▶ **What the task requires**
Reproduce the data below in full and to the letter, images excepted.

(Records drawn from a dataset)
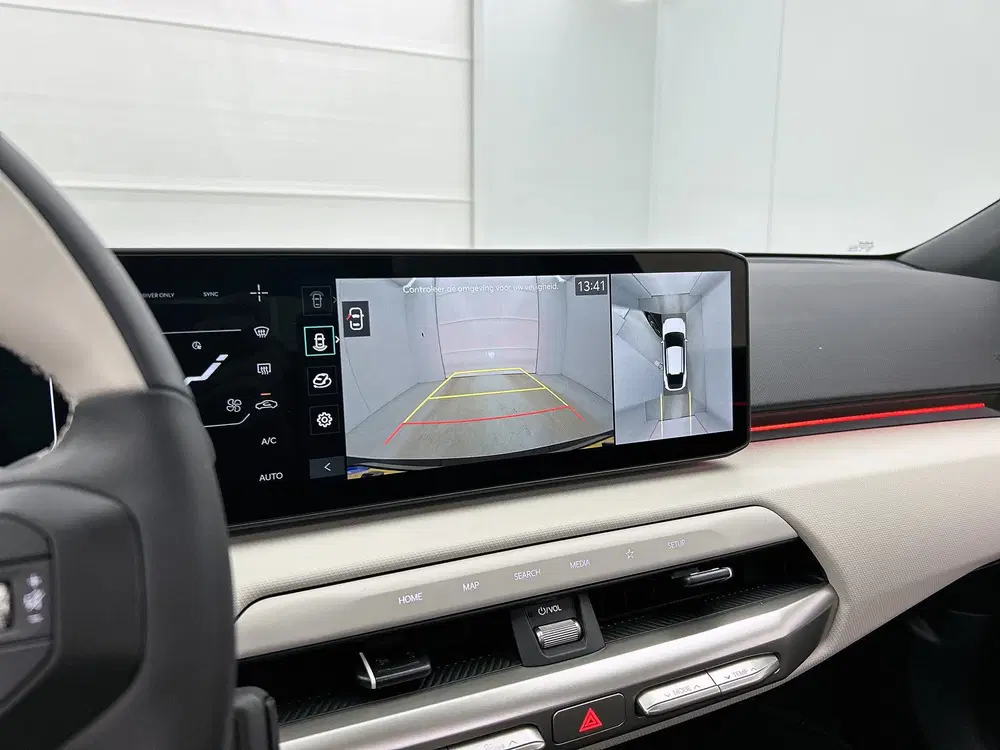 Kia EV4 GT Plus Line Stoelverwarming uit 2025, foto 9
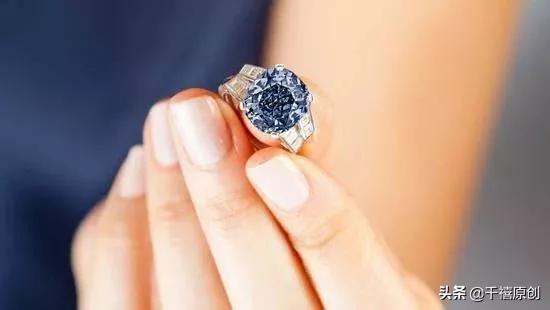 她12岁买的廉价蓝钻，死前暴涨3000倍！还曾陪她度过被霸凌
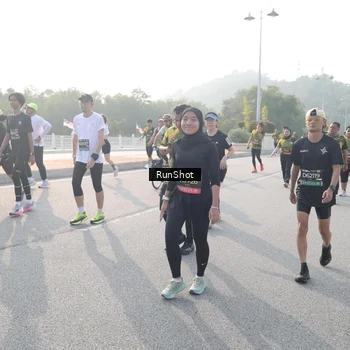 Runner Photo 6883699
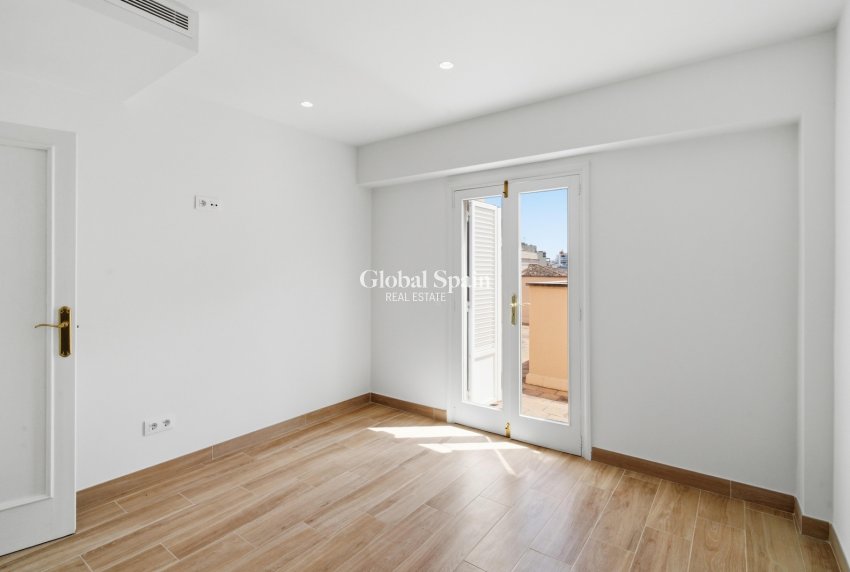 Wederverkoop - PENTHOUSE -
PALMA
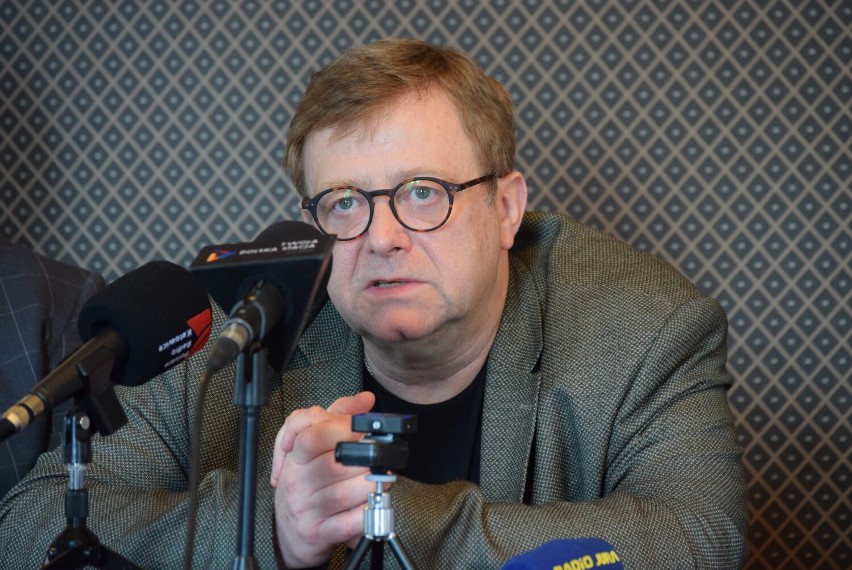 Częstochowa. Olaf Lubaszenko nie będzie dyrektorem częstochowskiego teatru? Aktor złożył rezygnację! Nowe informacje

▶ **Answer to this problem**
 Kia EV4 GT Plus Line Stoelverwarming uit 2025, foto 9
 她12岁买的廉价蓝钻，死前暴涨3000倍！还曾陪她度过被霸凌
 Runner Photo 6883699
 Wederverkoop - PENTHOUSE -
PALMA
 Częstochowa. Olaf Lubaszenko nie będzie dyrektorem częstochowskiego teatru? Aktor złożył rezygnację! Nowe informacje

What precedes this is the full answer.